Search This Site Search This Site
 
About Solutions Products Partners How To Buy News/Events Support Home
     
  News/Events  
     
The Unified Wire Engine

Introducing Terminator 3

A Chelsio Communications White Paper

Abstract
Today’s enterprise networking landscape is highly fragmented. A typical enterprise operates multiple independent infrastructures for storage (usually a Fibre Channel storage area network), computing (usually InfiniBand or Myrinet high speed interconnects), and TCP/IP networking (over Ethernet). Consolidating these infrastructures into one unified network has many rewards, both monetary and in ease of administration and management. To realize this vision of a unified wire, Chelsio Communications introduces its latest protocol engine, the Terminator 3 (T3) ASIC. T3 is architected to be a unified wire enabler, capable of simultaneously supporting the different applications, while individually matching the performance and capabilities of each specialized network. In addition, T3 introduces unique features to enhance Ethernet’s capabilities, and to support a large number of different uses in line card and intermediate box configurations.

Introduction
Many IT departments have to deploy multiple independent physical infrastructures, in order to support the various applications needed by the enterprise. Thus, a typical enterprise network would consist of a separate storage area network (SAN), usually using Fibre Channel, a separate interconnect network for computing (using a specialized fabric such as Myrinet or InfiniBand), in addition to the ubiquitous Ethernet network for internal TCP/IP networking and Internet connectivity.
Besides the inevitable historical legacy aspects, this separation was essentially dictated by two factors:

  • First, the different applications have different characteristics and requirements, which need to be properly supported by the underlying networking technologies. For instance, storage requires a high bandwidth, reliable infrastructure, while computing requires a very low latency interconnect.
  • Second, the interfaces to the different networks differed. Storage may use SCSI for block access over a SAN, while computing applications use remote direct memory access (RDMA) to communicate over a computing cluster.

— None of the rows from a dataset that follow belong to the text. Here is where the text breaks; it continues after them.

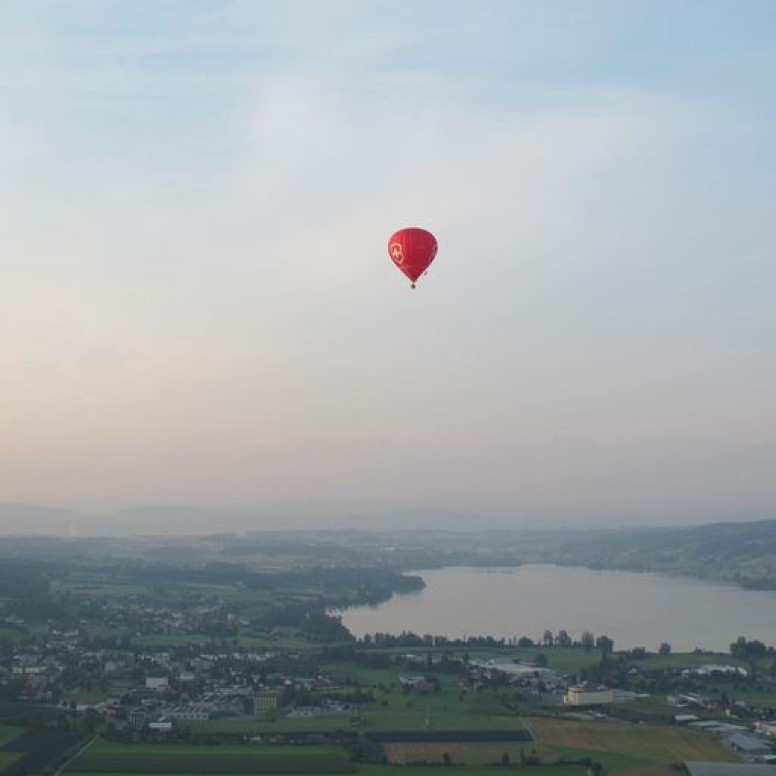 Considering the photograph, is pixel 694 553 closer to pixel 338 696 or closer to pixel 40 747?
pixel 338 696

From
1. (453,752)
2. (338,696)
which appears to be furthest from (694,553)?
(453,752)

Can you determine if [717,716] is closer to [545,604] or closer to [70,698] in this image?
[70,698]

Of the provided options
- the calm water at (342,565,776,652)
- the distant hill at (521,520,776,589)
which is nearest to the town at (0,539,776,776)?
the calm water at (342,565,776,652)

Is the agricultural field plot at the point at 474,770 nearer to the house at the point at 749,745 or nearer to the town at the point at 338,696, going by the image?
the town at the point at 338,696

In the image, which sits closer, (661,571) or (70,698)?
(70,698)

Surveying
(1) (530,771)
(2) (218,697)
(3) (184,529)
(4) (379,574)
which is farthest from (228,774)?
(3) (184,529)

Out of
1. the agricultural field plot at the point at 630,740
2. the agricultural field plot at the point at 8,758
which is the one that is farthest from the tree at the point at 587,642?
the agricultural field plot at the point at 8,758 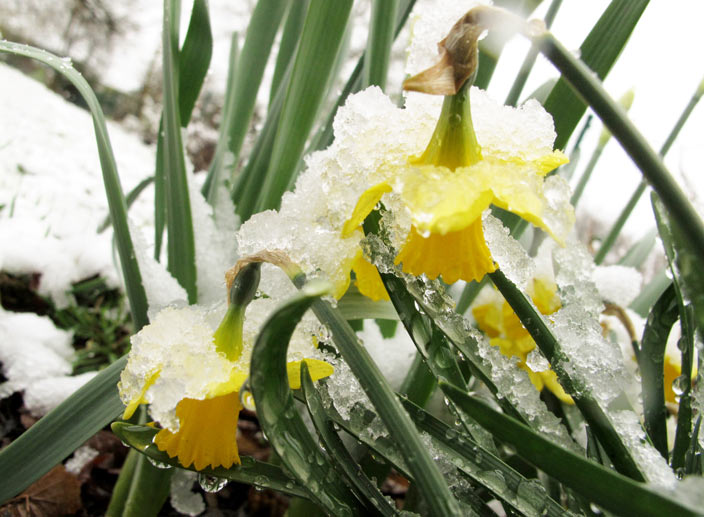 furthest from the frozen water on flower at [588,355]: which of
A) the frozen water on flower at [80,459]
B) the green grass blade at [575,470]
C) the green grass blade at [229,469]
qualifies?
the frozen water on flower at [80,459]

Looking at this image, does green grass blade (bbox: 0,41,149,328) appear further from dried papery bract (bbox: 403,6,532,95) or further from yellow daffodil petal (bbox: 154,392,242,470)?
dried papery bract (bbox: 403,6,532,95)

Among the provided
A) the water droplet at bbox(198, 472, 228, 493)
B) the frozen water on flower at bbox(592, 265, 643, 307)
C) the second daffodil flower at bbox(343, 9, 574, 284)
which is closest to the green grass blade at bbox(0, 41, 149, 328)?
the water droplet at bbox(198, 472, 228, 493)

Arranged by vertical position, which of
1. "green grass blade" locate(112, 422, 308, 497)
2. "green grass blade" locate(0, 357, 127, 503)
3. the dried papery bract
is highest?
the dried papery bract

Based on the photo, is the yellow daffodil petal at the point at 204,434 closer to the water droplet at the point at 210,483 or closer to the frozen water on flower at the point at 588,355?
the water droplet at the point at 210,483

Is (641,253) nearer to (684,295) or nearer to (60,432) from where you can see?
(684,295)

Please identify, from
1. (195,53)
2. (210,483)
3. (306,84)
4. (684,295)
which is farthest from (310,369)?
(195,53) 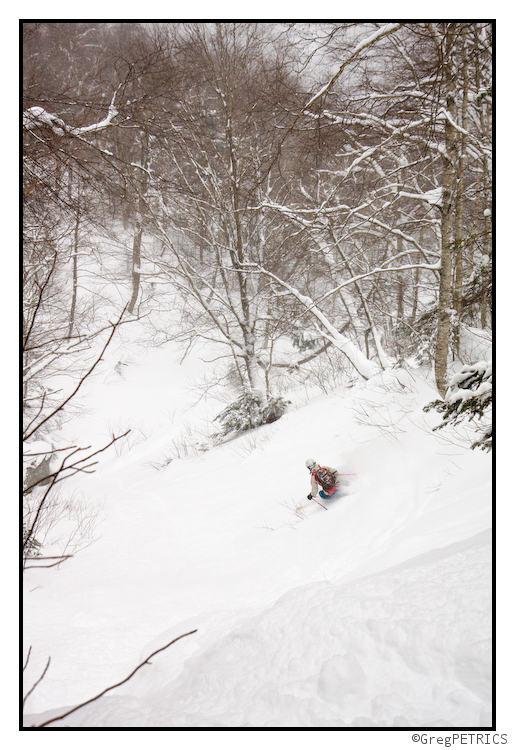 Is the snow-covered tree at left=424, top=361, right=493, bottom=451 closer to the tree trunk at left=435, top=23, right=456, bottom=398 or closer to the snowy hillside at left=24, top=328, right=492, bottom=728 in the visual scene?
the snowy hillside at left=24, top=328, right=492, bottom=728

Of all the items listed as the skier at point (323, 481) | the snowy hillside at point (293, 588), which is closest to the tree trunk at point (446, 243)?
the snowy hillside at point (293, 588)

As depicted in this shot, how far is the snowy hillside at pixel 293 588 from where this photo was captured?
1.55 m

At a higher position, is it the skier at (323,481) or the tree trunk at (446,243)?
the tree trunk at (446,243)

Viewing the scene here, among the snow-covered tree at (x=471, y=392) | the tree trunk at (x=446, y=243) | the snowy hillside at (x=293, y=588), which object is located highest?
the tree trunk at (x=446, y=243)

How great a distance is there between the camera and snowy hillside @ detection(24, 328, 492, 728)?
155 centimetres

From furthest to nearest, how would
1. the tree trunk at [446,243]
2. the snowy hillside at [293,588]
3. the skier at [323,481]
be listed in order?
the tree trunk at [446,243]
the skier at [323,481]
the snowy hillside at [293,588]

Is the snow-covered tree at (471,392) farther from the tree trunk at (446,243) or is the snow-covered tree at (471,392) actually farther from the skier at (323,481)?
the tree trunk at (446,243)

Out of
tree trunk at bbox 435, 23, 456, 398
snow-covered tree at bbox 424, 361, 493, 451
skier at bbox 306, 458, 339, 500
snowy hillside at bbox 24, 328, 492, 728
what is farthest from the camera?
tree trunk at bbox 435, 23, 456, 398

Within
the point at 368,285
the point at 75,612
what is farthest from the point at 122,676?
the point at 368,285

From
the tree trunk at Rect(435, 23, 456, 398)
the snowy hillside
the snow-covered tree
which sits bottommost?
the snowy hillside

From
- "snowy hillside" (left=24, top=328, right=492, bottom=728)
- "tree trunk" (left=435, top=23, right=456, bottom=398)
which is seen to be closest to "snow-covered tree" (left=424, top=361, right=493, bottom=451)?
"snowy hillside" (left=24, top=328, right=492, bottom=728)

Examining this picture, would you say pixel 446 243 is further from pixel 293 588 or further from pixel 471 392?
pixel 293 588

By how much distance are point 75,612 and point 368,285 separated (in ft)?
35.8

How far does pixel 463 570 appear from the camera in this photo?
204cm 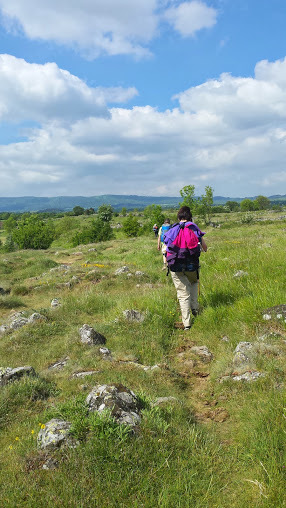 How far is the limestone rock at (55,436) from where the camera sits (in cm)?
305

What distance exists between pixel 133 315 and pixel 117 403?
13.2ft

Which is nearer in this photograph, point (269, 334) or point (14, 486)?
point (14, 486)

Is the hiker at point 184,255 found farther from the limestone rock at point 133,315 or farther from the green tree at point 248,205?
the green tree at point 248,205

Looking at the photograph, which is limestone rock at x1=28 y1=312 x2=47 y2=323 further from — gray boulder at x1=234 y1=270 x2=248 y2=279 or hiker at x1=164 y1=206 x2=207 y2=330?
gray boulder at x1=234 y1=270 x2=248 y2=279

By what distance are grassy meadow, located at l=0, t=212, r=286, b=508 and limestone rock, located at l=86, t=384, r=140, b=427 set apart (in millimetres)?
128

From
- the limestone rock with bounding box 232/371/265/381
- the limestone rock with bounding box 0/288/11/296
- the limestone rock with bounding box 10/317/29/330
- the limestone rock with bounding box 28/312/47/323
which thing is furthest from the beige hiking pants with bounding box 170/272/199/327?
the limestone rock with bounding box 0/288/11/296

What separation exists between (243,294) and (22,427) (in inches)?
219

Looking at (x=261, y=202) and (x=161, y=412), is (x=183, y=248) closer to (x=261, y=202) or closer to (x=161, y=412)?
(x=161, y=412)

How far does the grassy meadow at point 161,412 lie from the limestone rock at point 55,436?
0.29ft

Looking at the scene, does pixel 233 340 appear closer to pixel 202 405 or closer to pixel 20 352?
pixel 202 405

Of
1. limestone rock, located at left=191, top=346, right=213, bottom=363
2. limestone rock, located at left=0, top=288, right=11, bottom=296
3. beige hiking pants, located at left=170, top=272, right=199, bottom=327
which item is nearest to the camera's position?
limestone rock, located at left=191, top=346, right=213, bottom=363

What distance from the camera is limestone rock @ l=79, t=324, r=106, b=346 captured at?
6.43 metres

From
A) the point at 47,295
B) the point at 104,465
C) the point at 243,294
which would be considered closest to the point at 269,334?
the point at 243,294

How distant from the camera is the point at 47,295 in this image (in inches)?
488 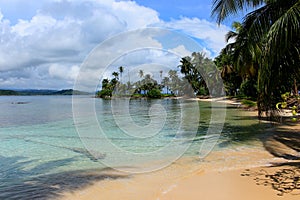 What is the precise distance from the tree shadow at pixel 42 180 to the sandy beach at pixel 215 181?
1.09ft

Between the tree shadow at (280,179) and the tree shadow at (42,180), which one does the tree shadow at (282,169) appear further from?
the tree shadow at (42,180)

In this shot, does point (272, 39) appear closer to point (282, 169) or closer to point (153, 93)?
point (282, 169)

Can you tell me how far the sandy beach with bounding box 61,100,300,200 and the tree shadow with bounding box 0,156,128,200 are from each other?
33cm

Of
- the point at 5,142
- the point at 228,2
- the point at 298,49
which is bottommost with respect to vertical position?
the point at 5,142

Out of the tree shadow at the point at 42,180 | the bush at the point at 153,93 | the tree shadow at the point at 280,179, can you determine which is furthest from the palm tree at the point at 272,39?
the bush at the point at 153,93

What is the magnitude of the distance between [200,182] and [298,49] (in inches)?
139

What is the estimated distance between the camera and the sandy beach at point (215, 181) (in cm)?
492

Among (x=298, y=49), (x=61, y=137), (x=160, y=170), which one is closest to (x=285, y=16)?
(x=298, y=49)

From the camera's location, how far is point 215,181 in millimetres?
5703

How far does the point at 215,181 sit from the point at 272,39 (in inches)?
120

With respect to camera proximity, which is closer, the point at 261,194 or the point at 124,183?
the point at 261,194

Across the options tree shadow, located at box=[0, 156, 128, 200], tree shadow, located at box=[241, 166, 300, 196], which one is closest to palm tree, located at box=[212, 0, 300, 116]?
tree shadow, located at box=[241, 166, 300, 196]

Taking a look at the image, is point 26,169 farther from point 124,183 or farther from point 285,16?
point 285,16

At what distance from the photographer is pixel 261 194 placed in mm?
4734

Since none of the available communication technologies was capable of adequately supporting all the applications, the separation remained even as the technologies evolved. However, there are clear benefits to converging all applications onto one, unified network. This convergence has direct payback in terms of saved hardware infrastructure, as well as indirect –and sometimes more significant– savings through simplified management and network administrator training. An ideal candidate for this convergence would be Ethernet, a simple, pervasive, well understood and liked technology with plenty of knowledgeable administrators available. However, even at 1Gb speeds, Ethernet lacked the capabilities to address the main problems above.

Today, the picture has finally changed. The newest generation of Ethernet, running at 10Gb, has become readily available at price points which have traditionally triggered a major rampup in the adoption of new Ethernet speeds. Unlike at 1Gb, 10Gb Ethernet can contend head-tohead, in terms of bandwidth, with the specialized storage and clustering fabrics. In addition, storage and computing application interfaces, namely iSCSI and iWarp Remote Direct Memory Access, have been standardized for TCP/IP over Ethernet, and are rapidly gaining ground in deployment and installed base. In this context, this paper shows how the Terminator 3 Unified Wire ASIC from Chelsio Communications solves the problems which remain in the way of converging the communication fabrics onto Ethernet, thereby opening the way for a unified wire.

Introducing T3
Chelsio Communications is announcing the third generation of its award winning Terminator ASIC, the high performance Terminator 3 (T3) Unified Wire Engine, which introduces numerous improvements in performance and features. T3 is designed with the expressed goal of addressing the Ethernet deficiencies which have so far hampered network convergence, including the main ones mentioned earlier. The following sections discuss how this goal is achieved, and present T3’s unique features.

T3 Architecture
The following diagram shows T3’s internal block level architecture. The T3 engine integrates two 10Gb and two 1Gb Ethernet MACs. It also natively supports both PCI-X 2.0, (running at 266MHz with backward compatibility to PCI-X 1.0) and PCI-E x8. With a theoretical aggregate bi-directional bandwidth of 17Gb and 40Gb respectively, both host busses allow T3 to achieve line rate 10Gb operation.

T3 Architecture

Terminator 3 is built around a cut-through data-flow processor core, in conjunction with high bandwidth, ECC protected external memory interfaces. Most packets are fully processed without requiring off-chip storage, resulting in ultra-low latency, while the pipelined core allows line rate operation even with small packet sizes. These architectural features provide no-compromise wire speed storage, computing and networking performance. In addition, the programmable processor loads instructions at boot time, facilitating field upgrades. The diagram also shows a number of unique features, which are described next.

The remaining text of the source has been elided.